(Short text fragments from websites)
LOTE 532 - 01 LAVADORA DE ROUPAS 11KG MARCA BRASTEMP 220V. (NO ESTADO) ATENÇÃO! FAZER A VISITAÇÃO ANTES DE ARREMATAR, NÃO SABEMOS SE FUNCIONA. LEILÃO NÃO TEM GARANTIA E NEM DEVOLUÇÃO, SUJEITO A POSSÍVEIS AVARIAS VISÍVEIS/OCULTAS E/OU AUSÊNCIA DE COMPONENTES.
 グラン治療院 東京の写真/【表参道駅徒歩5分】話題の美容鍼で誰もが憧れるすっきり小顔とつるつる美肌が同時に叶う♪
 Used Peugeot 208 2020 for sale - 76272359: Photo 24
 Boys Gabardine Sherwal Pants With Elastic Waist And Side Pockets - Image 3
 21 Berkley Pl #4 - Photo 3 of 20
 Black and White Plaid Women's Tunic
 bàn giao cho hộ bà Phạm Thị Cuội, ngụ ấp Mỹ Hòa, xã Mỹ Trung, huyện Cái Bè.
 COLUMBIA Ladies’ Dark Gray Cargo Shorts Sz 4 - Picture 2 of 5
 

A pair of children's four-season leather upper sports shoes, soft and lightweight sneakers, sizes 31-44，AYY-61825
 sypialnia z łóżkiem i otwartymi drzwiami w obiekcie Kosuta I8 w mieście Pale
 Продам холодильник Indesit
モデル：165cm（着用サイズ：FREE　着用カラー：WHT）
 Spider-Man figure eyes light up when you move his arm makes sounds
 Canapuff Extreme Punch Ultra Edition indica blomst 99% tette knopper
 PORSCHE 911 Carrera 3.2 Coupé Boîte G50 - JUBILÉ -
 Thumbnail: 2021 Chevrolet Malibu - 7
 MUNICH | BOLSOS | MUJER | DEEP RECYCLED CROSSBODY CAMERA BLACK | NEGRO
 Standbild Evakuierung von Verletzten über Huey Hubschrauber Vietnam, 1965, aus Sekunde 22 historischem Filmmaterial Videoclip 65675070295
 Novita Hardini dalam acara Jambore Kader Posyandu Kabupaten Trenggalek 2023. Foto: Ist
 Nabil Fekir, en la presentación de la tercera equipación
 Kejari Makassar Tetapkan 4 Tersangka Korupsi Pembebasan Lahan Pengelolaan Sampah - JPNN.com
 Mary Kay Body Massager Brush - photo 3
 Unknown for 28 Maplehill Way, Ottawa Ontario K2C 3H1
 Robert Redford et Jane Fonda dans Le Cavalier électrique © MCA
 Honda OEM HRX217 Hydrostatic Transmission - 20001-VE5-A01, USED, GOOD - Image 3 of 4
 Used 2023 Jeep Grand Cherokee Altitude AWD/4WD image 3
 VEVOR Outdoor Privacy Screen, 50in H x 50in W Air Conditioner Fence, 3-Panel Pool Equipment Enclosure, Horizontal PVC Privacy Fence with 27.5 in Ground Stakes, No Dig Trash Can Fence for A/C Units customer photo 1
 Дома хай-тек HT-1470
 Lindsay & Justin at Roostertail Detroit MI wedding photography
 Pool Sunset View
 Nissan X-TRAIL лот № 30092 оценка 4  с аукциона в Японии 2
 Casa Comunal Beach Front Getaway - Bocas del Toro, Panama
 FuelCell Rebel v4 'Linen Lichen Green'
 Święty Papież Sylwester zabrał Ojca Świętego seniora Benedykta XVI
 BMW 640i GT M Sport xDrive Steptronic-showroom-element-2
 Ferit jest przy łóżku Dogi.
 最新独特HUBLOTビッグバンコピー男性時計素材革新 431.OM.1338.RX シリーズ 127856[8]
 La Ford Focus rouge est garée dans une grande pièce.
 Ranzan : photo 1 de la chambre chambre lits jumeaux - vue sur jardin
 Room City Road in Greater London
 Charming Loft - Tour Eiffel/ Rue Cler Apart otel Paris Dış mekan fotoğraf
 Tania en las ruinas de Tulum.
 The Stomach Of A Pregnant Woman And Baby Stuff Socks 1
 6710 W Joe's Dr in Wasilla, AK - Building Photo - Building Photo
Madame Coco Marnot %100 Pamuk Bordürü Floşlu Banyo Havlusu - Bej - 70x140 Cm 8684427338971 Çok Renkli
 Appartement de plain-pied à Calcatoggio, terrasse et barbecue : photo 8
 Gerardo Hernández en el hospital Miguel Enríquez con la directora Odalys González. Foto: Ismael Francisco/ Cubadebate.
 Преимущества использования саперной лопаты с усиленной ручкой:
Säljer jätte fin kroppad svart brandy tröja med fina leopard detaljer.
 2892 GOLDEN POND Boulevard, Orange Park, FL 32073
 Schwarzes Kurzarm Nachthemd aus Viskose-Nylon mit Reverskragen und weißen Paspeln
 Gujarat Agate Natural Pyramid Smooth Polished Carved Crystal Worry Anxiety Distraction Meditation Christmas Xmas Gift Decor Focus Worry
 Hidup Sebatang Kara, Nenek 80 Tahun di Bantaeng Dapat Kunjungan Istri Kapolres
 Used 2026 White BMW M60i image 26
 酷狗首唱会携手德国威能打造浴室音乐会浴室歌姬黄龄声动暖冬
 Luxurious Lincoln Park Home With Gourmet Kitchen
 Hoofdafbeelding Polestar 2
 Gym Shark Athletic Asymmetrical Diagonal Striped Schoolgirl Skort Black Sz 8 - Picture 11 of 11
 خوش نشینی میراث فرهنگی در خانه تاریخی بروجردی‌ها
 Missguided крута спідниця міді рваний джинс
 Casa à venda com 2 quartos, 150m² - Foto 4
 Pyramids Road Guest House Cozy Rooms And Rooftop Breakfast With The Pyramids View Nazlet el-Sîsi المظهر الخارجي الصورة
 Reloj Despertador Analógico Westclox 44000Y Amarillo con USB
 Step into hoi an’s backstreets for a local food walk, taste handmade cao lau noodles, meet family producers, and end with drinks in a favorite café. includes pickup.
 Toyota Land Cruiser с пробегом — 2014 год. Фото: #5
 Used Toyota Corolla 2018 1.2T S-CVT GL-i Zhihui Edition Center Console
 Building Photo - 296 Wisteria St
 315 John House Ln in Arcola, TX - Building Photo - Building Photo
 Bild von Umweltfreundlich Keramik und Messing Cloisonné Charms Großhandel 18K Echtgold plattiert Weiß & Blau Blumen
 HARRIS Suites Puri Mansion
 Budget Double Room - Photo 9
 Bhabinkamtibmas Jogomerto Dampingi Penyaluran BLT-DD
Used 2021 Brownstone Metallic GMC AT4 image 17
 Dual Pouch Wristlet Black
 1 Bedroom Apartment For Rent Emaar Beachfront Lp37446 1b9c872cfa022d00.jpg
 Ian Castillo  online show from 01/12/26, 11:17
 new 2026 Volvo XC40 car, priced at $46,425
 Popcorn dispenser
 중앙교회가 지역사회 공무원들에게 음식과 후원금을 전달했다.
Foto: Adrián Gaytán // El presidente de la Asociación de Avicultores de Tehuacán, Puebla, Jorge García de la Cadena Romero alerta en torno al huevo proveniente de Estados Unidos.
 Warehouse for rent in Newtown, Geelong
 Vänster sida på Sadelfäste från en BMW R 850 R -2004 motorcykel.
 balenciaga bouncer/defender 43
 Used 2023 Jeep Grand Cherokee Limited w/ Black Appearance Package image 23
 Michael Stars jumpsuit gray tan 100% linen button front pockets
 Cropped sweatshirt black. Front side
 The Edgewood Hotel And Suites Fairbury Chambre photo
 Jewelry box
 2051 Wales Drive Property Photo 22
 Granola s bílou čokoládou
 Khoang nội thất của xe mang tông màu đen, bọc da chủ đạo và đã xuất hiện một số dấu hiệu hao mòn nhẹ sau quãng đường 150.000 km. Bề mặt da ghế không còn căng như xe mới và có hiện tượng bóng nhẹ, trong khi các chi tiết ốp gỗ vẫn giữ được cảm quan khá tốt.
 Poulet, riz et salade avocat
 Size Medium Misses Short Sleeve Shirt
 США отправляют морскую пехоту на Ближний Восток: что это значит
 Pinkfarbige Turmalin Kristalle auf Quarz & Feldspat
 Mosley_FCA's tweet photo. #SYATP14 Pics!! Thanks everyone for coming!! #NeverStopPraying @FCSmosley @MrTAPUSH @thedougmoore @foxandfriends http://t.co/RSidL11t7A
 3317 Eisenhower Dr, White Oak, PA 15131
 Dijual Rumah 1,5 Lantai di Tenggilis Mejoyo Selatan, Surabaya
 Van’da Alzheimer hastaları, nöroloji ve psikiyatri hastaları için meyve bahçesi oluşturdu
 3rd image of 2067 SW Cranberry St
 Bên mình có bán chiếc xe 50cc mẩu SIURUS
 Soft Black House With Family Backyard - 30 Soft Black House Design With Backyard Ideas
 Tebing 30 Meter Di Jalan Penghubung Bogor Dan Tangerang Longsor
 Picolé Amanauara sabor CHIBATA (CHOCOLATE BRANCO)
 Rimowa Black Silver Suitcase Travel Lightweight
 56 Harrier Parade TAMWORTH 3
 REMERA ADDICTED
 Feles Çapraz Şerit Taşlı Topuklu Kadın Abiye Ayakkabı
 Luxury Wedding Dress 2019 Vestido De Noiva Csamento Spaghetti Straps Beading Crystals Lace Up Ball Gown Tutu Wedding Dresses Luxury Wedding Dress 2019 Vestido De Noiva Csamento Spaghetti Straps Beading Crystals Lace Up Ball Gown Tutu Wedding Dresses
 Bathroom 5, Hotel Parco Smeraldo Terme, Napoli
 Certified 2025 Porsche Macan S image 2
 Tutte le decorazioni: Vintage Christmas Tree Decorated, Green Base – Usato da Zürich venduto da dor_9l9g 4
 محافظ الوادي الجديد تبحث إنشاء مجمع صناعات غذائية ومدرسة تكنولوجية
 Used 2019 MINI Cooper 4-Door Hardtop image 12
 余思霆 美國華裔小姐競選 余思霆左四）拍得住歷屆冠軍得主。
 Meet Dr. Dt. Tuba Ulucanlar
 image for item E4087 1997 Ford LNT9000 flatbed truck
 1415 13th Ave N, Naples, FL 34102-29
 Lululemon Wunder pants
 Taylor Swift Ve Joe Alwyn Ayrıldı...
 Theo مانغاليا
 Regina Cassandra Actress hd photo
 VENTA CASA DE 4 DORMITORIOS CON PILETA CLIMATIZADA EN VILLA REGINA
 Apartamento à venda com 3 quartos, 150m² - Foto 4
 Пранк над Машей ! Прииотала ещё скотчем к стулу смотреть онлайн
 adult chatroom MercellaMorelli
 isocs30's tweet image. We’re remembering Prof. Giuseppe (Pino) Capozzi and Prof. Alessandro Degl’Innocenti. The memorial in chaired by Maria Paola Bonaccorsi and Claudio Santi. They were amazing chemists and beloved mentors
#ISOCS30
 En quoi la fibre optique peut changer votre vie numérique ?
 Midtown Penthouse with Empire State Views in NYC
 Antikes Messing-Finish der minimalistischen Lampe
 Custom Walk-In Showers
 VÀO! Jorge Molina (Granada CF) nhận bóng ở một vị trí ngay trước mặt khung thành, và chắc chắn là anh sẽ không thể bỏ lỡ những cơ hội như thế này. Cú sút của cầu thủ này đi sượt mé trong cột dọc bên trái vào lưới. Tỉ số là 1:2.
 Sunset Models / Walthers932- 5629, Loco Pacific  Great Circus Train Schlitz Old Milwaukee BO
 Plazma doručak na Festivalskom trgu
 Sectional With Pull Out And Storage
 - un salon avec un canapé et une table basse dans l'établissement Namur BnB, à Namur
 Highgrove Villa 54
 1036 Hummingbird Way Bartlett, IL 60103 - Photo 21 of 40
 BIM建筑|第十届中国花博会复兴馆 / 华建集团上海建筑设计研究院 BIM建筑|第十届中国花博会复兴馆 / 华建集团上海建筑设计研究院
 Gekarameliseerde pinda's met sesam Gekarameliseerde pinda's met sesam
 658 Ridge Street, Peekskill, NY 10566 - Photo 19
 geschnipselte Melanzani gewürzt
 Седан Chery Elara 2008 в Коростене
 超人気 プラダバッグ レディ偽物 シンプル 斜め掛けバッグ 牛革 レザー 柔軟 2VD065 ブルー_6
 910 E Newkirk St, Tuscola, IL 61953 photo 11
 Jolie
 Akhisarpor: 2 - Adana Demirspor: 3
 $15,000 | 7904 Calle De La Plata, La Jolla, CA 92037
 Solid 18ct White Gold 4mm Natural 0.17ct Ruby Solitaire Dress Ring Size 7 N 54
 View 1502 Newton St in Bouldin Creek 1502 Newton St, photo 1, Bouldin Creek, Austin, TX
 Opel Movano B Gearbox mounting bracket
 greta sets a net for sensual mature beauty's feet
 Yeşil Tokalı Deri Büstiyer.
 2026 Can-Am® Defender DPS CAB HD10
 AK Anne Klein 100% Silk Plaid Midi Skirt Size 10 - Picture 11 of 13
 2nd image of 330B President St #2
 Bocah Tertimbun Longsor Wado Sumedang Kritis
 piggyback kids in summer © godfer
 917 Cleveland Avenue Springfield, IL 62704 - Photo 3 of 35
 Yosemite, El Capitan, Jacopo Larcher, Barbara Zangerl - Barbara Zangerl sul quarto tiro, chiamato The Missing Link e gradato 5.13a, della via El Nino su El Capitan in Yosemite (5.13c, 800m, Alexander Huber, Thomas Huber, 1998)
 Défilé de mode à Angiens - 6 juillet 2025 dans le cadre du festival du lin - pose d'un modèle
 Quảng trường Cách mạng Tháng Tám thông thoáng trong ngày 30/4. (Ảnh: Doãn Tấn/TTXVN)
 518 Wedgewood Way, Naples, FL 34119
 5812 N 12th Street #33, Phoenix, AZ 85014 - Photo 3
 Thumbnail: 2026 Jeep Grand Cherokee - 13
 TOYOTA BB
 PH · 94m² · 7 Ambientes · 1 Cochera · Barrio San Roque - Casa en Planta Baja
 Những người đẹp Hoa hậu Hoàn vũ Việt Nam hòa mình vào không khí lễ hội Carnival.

§ **Problem statement**:
Using only the entries above, output the line with "2026 Can-Am® Defender DPS CAB HD10", the line with "PH · 94m² ·", and all lines between them, exactly as they stand.

§ **Answer to the exercise**:
 2026 Can-Am® Defender DPS CAB HD10
 AK Anne Klein 100% Silk Plaid Midi Skirt Size 10 - Picture 11 of 13
 2nd image of 330B President St #2
 Bocah Tertimbun Longsor Wado Sumedang Kritis
 piggyback kids in summer © godfer
 917 Cleveland Avenue Springfield, IL 62704 - Photo 3 of 35
 Yosemite, El Capitan, Jacopo Larcher, Barbara Zangerl - Barbara Zangerl sul quarto tiro, chiamato The Missing Link e gradato 5.13a, della via El Nino su El Capitan in Yosemite (5.13c, 800m, Alexander Huber, Thomas Huber, 1998)
 Défilé de mode à Angiens - 6 juillet 2025 dans le cadre du festival du lin - pose d'un modèle
 Quảng trường Cách mạng Tháng Tám thông thoáng trong ngày 30/4. (Ảnh: Doãn Tấn/TTXVN)
 518 Wedgewood Way, Naples, FL 34119
 5812 N 12th Street #33, Phoenix, AZ 85014 - Photo 3
 Thumbnail: 2026 Jeep Grand Cherokee - 13
 TOYOTA BB
 PH · 94m² · 7 Ambientes · 1 Cochera · Barrio San Roque - Casa en Planta Baja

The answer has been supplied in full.